Sun, Oracle, and CGI have partnered to develop IT platforms for other firms in the past, but although Sun and Oracle have a number of life science partnerships behind them, this is CGI’s first foray into bioinformatics. “We haven’t been very active in the life sciences area and we see this deal as important for us in terms of opening doors,” said Bernard Gagnon, CGI’s architect for the Caprion project.

“We are very interested in positioning ourselves in the life sciences,” said Muriel McGrath, CGI’s project director for the Caprion account.

Segal said that Caprion conducted an industry-wide request for proposals for the project between February and May “to virtually every player that is out there.” The Sun/Oracle/CGI triumvirate “was by far the winner,” he said.

The decision to outsource the project was an obvious one for Segal, who said Caprion’s staff is skilled in writing software to run on an individual proteome scale, but needed the experience of its new partners to address the scale of the new undertaking.

“Where biotech companies usually get it wrong is thinking that if they can build a garage they can build a skyscraper,” said Segal.

Sun will provide Enterprise-class servers, Sun StorEdge systems, and the Solaris operating environment as part of the deal. Oracle is providing its Oracle database as the software foundation for the project, while Oracle Consulting will design and develop the pipeline data warehouse. CGI will provide system integration, consultation, project management, and development for this project.

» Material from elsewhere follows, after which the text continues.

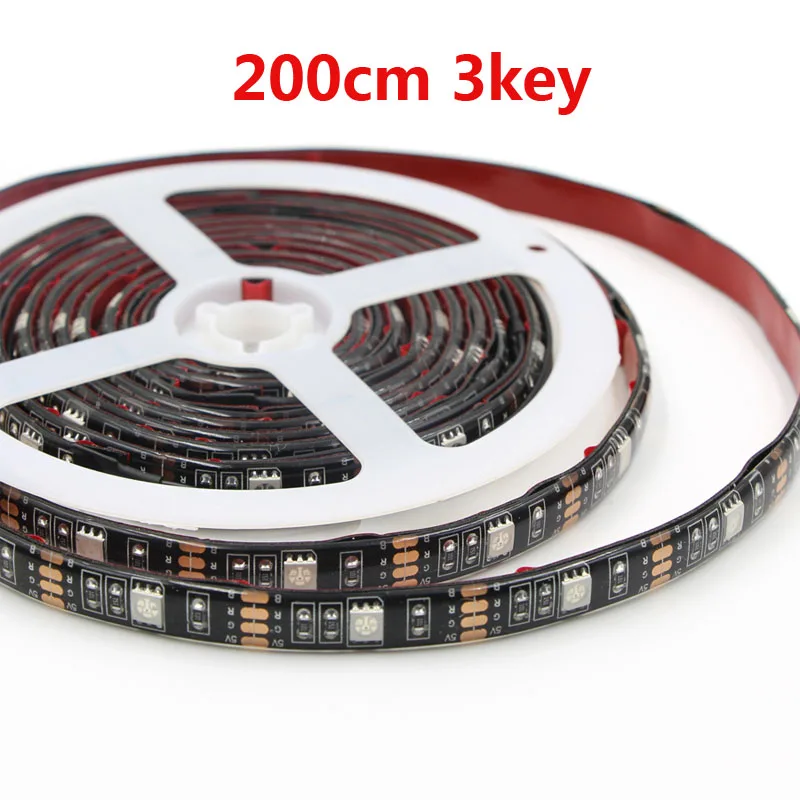 200cm 3key black pcb 1 м 2 м 3 м ТВ USB водостойкий SMD светодиодные полосы 5050 RGB многоцветный ТВ фон Настольный фон с подсветкой ТВ Компьютерный дисплей - Испускаемый цвет: 200cm 3key black pcb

Caprion will house the platform in a data center, which will fill 7,000-8,000 square feet of a 54,000 square foot R&D facility that is currently in the last stages of construction. Caprion had previously said the R&D center would be complete by mid-April, but Segal said the entire structure had to be reworked to accommodate the new data effort. The company is scheduled to move into the facility on August 15. The data center will process up to 100 terabytes of information per year, and will be maintained by CGI for five years.

Caprion expects to spend around $25-28 million over the next three years in developing the proteomics data center, and Sun, Oracle, and CGI will collectively contribute over $5 million in software, hardware, and integration services.

While Gagnon said the Caprion project offers a number of unique challenges for CGI compared to the “regular business systems we see in most companies,” he has already drafted a complete architecture and it has been reviewed and accepted.

Segal said that Caprion has also begun writing search algorithms for whole-genome searching and matching with Sun and Oracle.

Caprion has raised a total of $38.2 million to date. Segal said that over 90 percent of the company’s focus is currently on partnered programs, although he declined to reveal who the company’s partners are. He said the company expects to announce its first partnered program in the fall.